If we removed literally all methane from the atmosphere, this would be equivalent to reducing carbon dioxide concentration to 380 ppm. This would bring us back to climate of 2005. By any reasonable measure, climate in 2023 is not significantly different than the climate in 2005 (eg. you’d hardly be able to observe any difference without making a lot of very careful measurements, you wouldn’t “feel” any difference on your own skin).
And that’s if we remove literally all methane. Most of the methane in atmosphere is a result of natural processes, not caused by human activity. Thus, if we stop all methane emissions caused by human activity, we can maybe at best slow down climate change by 10 years.

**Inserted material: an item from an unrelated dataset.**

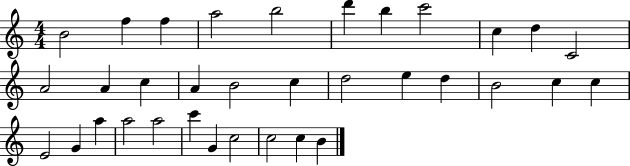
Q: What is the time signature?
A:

In terms of practical effects as felt by human beings, this is accurately described as “won’t change a thing”. Actually, to be more specific, slowing climate change by 10 years won’t make any difference, but stopping all methane emitting activities would be tremendously negative to human flourishing.
Global Warming Potential of Methane over a 20 year Time period is a bit more than 80 times that of CO2. https://www.epa.gov/ghgemissions/understanding-global-warmin...
So, redrawing your path by your method, if we remove ALL of the Atmospheric Methane today, we would be reducing GHG concentrations by about 160ppm CO2 equivalent, which takes the overall CO2 concentrations to less than that of pre-industrial levels(280ppm), 260ppm.
This negates your conclusion that we would hardly observe ANY difference.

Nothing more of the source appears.